Corralito era il nome informale delle misure economiche adottate in Argentina alla fine del 2001 dal ministro dell’Economia Domingo Cavallo per fermare una corsa agli sportelli che implicava un limite di prelievi di contanti di 250 ARS a settimana (a quel tempo US$1 = 1 ARS). I trasferimenti elettronici e i pagamenti con carte di credito e debito però non erano stati interrotti. Corralito è il diminutivo di corral, che significa “recinto per animali”; il diminutivo è usato nel senso di “piccolo recinto” e in Argentina anche “box per bambini”. Questo nome espressivo alludeva alle restrizioni imposte dal provvedimento.

Nel 2001, l’Argentina era nel mezzo di una crisi: fortemente indebitata, con un’economia in completa stagnazione (una recessione durata quasi tre anni), e il tasso di cambio era fissato per legge a un dollaro USA per peso argentino, il che rendeva le esportazioni non competitive e di fatto privavano lo Stato di una politica monetaria indipendente. Le operazioni con carte di credito, bancomat, assegni e altri mezzi di pagamento potevano essere effettuate normalmente, ma la mancanza di disponibilità di contante era il punto focale della situazione.

La proposta di Javier Milei

La proposta, chiamata “Legge delle basi e dei punti di partenza per la libertà degli argentini”, o anche “Legge omnibus”, è composta da 664 articoli che abrogano o modificano leggi in materia economica, fiscale, sociale ecc. con l’intento di rendere operativo al più presto il programma elettorale di Milei.
Qui un filmato della sua campagna elettorale

Nella manovra economica subito attivata dal Ministro dell’Economia Luis Caputo abbiamo assistito alla svalutazione della moneta argentina, il peso, e ingenti tagli alla spesa pubblica. Il “Decreto di necessità e urgenza” (DNU), entrato in vigore il 29 dicembre, contiene più di 300 modifiche alle leggi argentine in materia di economia, compresa la norma che impediva la privatizzazione delle aziende statali, come indicato nella “legge omnibus”.

In particolare, vengono promosse modifiche normative volte a promuovere il libero commercio internazionale di gas naturale, gas naturale liquefatto, gas propano liquefatto e butano, petrolio e suoi derivati.

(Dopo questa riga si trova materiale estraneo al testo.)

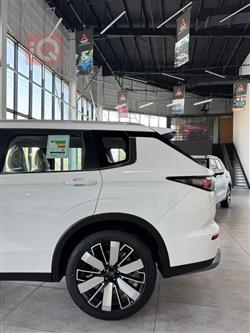 ميتسوبيشي اوتلاندر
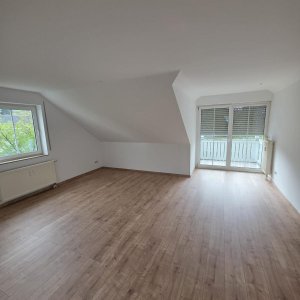 Wohnzimmer mit Balkon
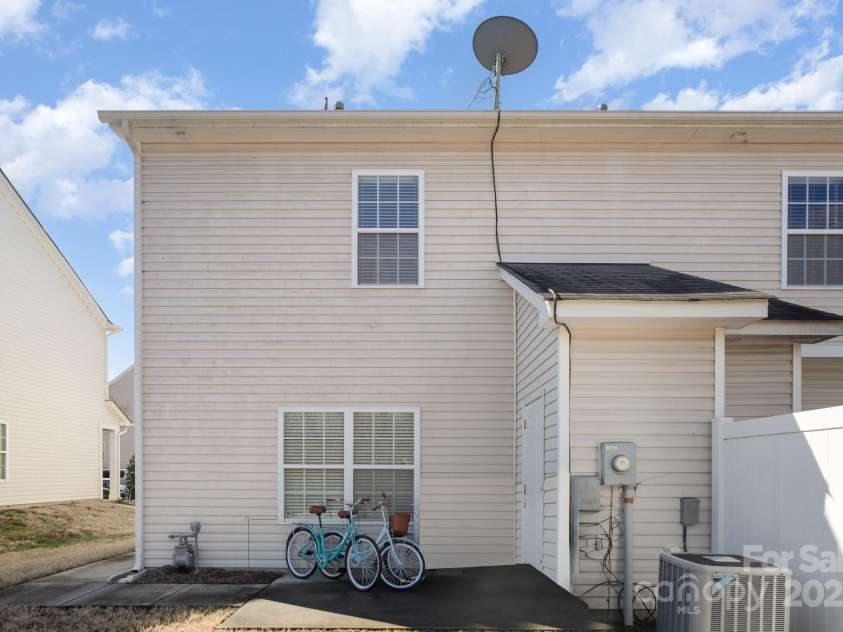 10530 Stoneacre Court, Pineville, NC 28134.  MLS# CAR4231237, YatesRealty ID 2023.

Anzi, anche i terzi non produttori possono sviluppare il trattamento del gas, l’estrazione di liquidi dal gas naturale, la liquefazione del gas naturale, il trasporto del gas, del petrolio, dei suoi derivati e dei combustibili liquidi in genere; lo stoccaggio di gas, gas naturale liquefatto, petrolio, suoi derivati e combustibili liquidi in genere.

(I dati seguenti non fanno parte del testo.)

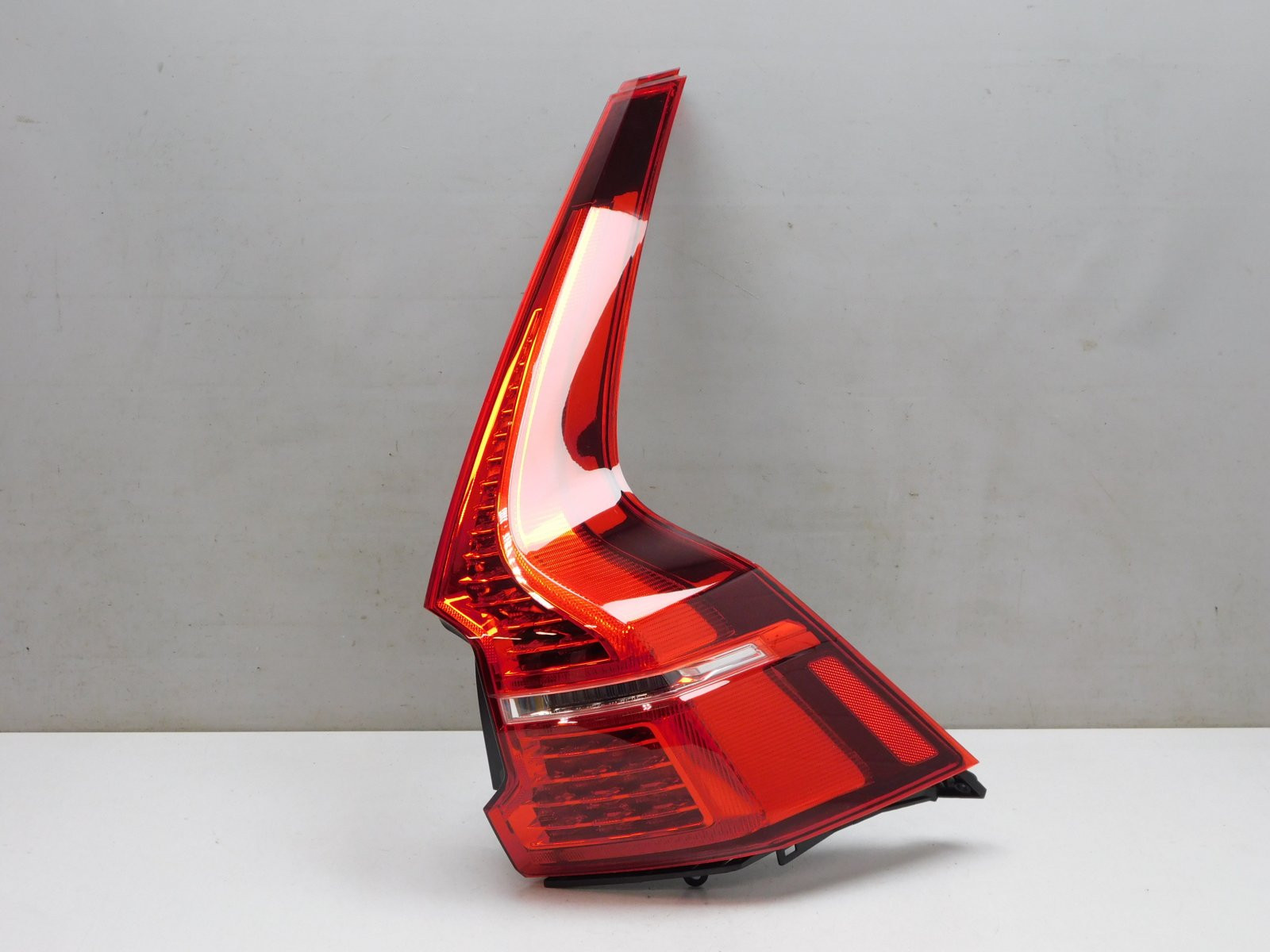 Фонарь задний наружный правый Volvo XC60 2017>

Inoltre, si promuovono l’approfondimento della libera commercializzazione, della concorrenza e dell’espansione dei mercati dell’elettricità, degli idrocarburi (gas e petrolio) e dei biocarburanti in tutte le loro forme (presenti e future) e un quadro giuridico per lo sviluppo di infrastrutture da parte del settore privato nei settori degli idrocarburi e del trasporto di energia elettrica.

Le privatizzazioni

Le aziende in via di privatizzazione, che Milei aveva già nominato durante la sua campagna elettorale, sono le più disparate: il Banco de la Nación e tutte le sue filiali, ossia la Banca Centrale Argentina e la Zecca, la compagnia petrolifera YPF, le miniere di carbone YCRT, la compagnia aerea e quella ferroviaria statale, l’azienda che gestisce la rete idrica AySa, l’agenzia di stampa Télam, Correo Argentino che gestisce il sistema postale e la compagnia elettrica statale Nucleoeléctrica Argentina. Sono circa 40 aziende di importanza nazionale.

L’aspetto più delicato è costituito dalla richiesta del presidente Milei di dichiarare “l’emergenza pubblica in materia economica, finanziaria, fiscale, di sicurezza sociale, di difesa, tariffaria, energetica, sanitaria, amministrativa e sociale fino al 31 dicembre 2025” con una possibile proroga di altri due anni. Ma questo aprirebbe una pericolosa deriva verso i pieni poteri e lo scavalcamento del Parlamento.